= 2019 synagogue vandalism =

Antisemitic incidents in the U.S.

On September 19, 2019, members of neo-Nazi accelerationist paramilitary group The Base vandalized Beth Israel Sinai Congregation in Racine, Wisconsin, and Temple Jacob in Hancock, Michigan in the US, in a campaign the group dubbed "Operation Kristallnacht". Three members of The Base were arrested and subsequently found guilty.

==Background==
The Base is a neo-Nazi accelerationist paramilitary group that advocates attacking African Americans and Jewish people to support the creation of a white ethnostate in the United States.

==Attacks==
Between September 15 and September 23, 2019, members of The Base plotted to vandalize synagogues in Racine, Wisconsin, and Hancock, Michigan, as part of a campaign the group called "Operation Kristallnacht" after the Kristallnacht pogrom perpetrated by the Nazis in November 1938. The operation was coordinated and directed by 19-year-old Richard Tobin of Brooklawn, New Jersey.

Operation Kristallnacht was conducted on September 21. That evening, 22-year-old Yousef Omar Barasneh of Oak Creek, Wisconsin spray-painted swastikas, antisemitic words such as Jude, and The Base's symbol on the outside of the Beth Israel Sinai Congregation in Racine. Barasneh also plotted additional acts of vandalism.
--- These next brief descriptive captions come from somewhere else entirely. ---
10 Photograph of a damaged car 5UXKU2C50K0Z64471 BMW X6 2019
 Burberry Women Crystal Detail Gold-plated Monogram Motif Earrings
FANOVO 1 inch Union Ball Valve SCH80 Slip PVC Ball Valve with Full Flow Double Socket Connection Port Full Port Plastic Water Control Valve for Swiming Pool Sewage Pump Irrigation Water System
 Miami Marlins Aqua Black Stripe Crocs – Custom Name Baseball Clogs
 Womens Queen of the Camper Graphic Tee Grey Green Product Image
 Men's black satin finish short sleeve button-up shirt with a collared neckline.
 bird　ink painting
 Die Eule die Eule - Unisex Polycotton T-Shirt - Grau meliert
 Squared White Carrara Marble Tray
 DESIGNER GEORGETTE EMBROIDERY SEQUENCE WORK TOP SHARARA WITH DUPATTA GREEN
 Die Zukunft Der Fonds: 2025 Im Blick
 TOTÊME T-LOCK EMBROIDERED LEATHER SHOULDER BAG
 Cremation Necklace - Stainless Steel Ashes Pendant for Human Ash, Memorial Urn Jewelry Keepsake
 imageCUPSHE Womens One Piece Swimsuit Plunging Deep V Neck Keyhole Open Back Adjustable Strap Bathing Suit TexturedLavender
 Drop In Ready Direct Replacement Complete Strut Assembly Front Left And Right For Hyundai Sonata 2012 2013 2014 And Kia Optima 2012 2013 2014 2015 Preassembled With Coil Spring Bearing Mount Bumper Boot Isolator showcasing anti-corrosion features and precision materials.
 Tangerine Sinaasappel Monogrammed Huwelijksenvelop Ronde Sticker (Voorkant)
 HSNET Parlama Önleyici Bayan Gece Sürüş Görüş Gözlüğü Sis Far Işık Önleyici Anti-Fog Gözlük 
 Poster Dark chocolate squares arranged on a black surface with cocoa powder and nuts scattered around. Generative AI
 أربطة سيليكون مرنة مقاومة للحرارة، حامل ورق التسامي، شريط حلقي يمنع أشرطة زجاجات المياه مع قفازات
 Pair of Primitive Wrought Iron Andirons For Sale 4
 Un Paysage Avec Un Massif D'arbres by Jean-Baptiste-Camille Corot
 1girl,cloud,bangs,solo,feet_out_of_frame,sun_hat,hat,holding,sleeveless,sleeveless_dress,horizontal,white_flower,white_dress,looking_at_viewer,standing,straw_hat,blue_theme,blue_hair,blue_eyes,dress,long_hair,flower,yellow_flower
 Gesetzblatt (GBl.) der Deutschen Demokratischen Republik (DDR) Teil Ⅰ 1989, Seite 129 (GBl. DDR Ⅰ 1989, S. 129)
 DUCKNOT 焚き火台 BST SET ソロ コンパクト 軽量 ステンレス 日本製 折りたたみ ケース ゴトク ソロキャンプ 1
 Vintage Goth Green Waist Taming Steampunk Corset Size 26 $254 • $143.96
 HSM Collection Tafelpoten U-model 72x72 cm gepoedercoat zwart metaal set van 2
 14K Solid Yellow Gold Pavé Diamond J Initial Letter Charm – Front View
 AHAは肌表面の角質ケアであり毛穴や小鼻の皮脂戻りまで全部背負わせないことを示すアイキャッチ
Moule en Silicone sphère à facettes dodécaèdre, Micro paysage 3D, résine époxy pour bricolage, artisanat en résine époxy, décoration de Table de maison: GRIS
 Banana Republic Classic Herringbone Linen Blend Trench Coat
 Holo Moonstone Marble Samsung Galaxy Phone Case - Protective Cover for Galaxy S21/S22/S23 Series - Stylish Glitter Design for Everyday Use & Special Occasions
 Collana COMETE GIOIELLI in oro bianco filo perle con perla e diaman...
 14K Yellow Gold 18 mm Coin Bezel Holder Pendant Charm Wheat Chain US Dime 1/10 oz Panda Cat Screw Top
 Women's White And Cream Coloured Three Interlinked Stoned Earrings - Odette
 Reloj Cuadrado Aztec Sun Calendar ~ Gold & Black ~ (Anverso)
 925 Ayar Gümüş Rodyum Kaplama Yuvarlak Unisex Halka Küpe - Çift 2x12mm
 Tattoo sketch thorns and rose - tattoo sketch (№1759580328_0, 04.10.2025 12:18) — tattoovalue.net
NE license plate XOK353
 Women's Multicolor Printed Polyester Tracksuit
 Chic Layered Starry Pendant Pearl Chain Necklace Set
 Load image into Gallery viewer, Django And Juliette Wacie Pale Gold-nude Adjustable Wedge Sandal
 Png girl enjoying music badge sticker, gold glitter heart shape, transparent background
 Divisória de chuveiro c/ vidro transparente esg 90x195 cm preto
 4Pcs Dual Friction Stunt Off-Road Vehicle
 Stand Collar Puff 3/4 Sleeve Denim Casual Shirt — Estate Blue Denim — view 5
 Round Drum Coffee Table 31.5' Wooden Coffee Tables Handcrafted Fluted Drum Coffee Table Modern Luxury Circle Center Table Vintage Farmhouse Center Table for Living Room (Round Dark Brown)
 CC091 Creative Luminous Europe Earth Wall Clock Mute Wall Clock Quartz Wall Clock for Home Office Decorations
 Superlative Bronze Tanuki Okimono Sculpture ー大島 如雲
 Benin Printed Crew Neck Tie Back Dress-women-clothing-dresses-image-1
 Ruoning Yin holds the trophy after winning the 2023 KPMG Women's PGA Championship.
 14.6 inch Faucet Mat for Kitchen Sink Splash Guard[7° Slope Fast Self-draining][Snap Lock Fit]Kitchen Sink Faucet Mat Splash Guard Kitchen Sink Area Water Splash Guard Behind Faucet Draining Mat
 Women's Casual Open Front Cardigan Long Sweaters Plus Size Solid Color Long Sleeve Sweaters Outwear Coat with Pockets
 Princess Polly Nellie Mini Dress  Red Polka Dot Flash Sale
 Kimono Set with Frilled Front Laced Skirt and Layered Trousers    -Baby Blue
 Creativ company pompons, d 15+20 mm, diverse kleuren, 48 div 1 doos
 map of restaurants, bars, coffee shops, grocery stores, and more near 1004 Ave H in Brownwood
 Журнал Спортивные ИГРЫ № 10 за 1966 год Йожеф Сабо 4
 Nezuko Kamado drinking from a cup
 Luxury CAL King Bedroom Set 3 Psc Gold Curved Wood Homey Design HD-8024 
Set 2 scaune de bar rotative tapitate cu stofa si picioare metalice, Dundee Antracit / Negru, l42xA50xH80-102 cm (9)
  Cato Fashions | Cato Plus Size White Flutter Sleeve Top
However, these plans were compromised after one of the group's ringleaders became an FBI informant.

In Hancock, Michigan, 23-year-old Nathan Weeden of Houghton, Michigan, spraypainted swastikas and The Base's symbol on the exterior of Temple Jacob.

==Aftermath==
On January 17, 2020, Barasneh was arrested by the US Federal Bureau of Investigation (FBI) and charged with conspiring to violate citizens’ rights to use property free from threats and intimidation by the Eastern District of Wisconsin. On August 13, 2020, Barasneh pleaded guilty to a federal civil rights charge for vandalism at Beth Israel Sinai and for his involvement in Operation Kristallnacht.

On February 26, 2021, Tobin pleaded guilty to one count of conspiracy against rights in federal court. Tobin told FBI agents that he was "triggered by the state of the country". He remained on house arrest until his sentencing. On November 16, 2021, Tobin was sentenced to 1 year and a day in federal prison and 3 years of supervised release for his involvement in Operation Kristallnacht.

On June 30, 2023, Weeden was arrested by the FBI and charged with conspiracy against rights and damage to religious property by the Western District of Michigan. On January 25, 2024, a jury convicted Weeden of two counts, conspiring against rights and damaging religious property, for his role in the vandalism at Temple Jacob and for his involvement in Operational Kristallnacht. On June 5, 2024, Weeden was sentenced to 26 months in prison and 3 months of supervised release for the incident.

Barasneh's arrest came amidst a nationwide campaign of U.S. law enforcement actions against The Base. On January 16, the day before Barasneh's arrest, federal authorities arrested three members of The Base in Delaware and Maryland on firearms and immigration-related offenses. The individuals were planned to attend the 2020 VCDL Lobby Day. On January 17, 2020, three members of The Base were arrested in Georgia for allegedly planning to murder people in Antifa.